For those unfamiliar with the term, ‘Going Dutch’ means paying for yourself and yourself only. No getting a round in, no ‘I’ll get this if you get that’, no ‘you can pay me back another time’.
And having spent four years living on the Dutch/Belgian border, I can attest that, for the most part, they hold true to form. They don’t quite have the short arms and deep pockets of the Cavan man, but they’re in the ball park.
Even still, when news broke a fortnight ago that the Dutch Olympic Committee weren’t sending Joost Luiten, Darius van Driel and Dewi Weber to the Olympics – despite qualifying – because they didn’t think they stood a realistic chance of winning a medal, I was shocked.
This was frugality on a whole different scale. In the grand scheme of things, even for a small country like the Netherlands, an additional three athletes weren’t going to majorly alter the financial outlay. They’re already sending 258 athletes who they are more than happy to shell out for, why not 261?
But then I delved a little deeper and discovered that they’re only sending four male basketball players, and since any basketball match I’ve ever watched has been five-a-side, maybe they’re making minor cuts across the board. Maybe they’re sending the equestrian team, but not the horses? Sending the rowing team but not the boats? Medals might be hard come by if that’s the case.
Still, there’s precedent for outsiders getting in the medal positions in golf, most notably when then 204-ranked Rory Sabbatini, born in South Africa but Slovakian through marriage, became the toast of Bratislava when he won silver at the Tokyo Games.
Luiten wasn’t going down without a fight though, and took his case before a judge who ruled in his favour and ordered that the Dutch Olympic Committee and Dutch Sports Federation (NOC*NSF) had to include him, which they then did.

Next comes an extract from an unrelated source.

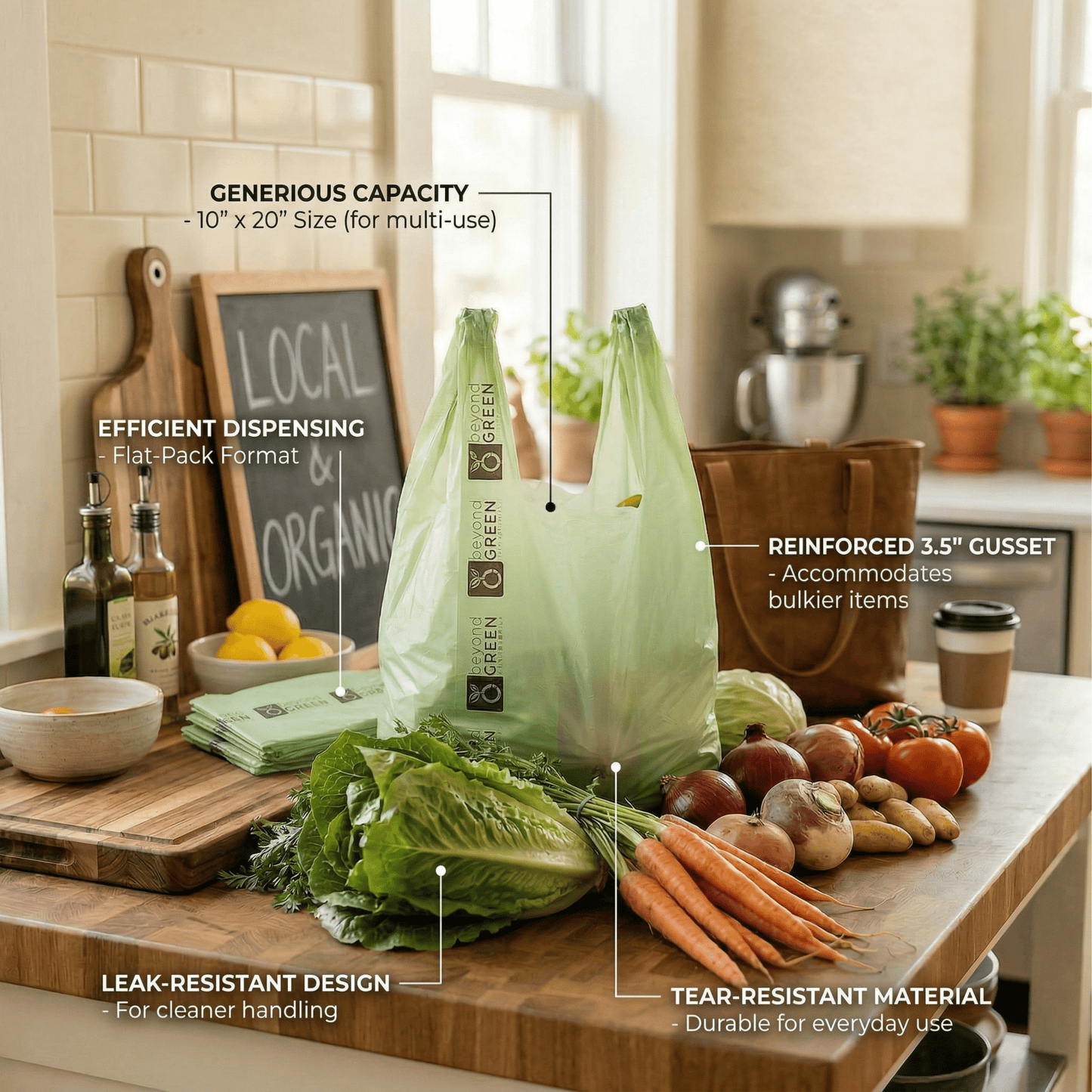 Large Multi-Purpose Carry Bags – 10" x 7" x 20" | Tear-Resistant | Made in USA | beyondGREEN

A delighted Luiten took to social media and posted an image of the Olympic rings accompanied by the good news that he was Paris bound.
A happy ending, right? Wrong. This is a tale with more twists than a Chubby Checker tribute night.
Naturally, after receiving the Dutch entries with just Anne Van Dam listed, the International Olympic Committee moved down the list of players eligible and Luiten’s place went to Finland’s Tapio Pulkkanen, who couldn’t exactly be turfed out again. The 60-man field, it appears, is full, and an International Golf Federation appeal on Luiten ‘s behalf to have the field increased to 61 given the special circumstances, fell on deaf ears.
So Luiten went back to social media again and again posted an image of the Olympic rings, this time with a large, black ‘X’ blighting the image, his Olympic dream, it seems, in ruin.
Perhaps he should’ve first offered to pay his own way to Paris. After all, as I discovered during those four years of border living, golf is very much an elitist pursuit. Whenever I’d mention to the natives that I played golf, I’d always be met with a curious, head-to-toe scanning look as they tried to come to terms that this dishevelled figure before them in the Penneys clothing and cheap shoes was actually wealthy.
Since most of the elite athletes you’ll witness in competition across of the near-month-long Games are effectively on the breadline, maybe they’d have a point about the golfers, but they’d be part of a team and you can’t play favourites in a team environment. One rule for one, one rule for all.
But either way, it’s a bad look for the NOC*NSF. To be seen as stingy carries a stink all its own. Just ask Matt Kuchar.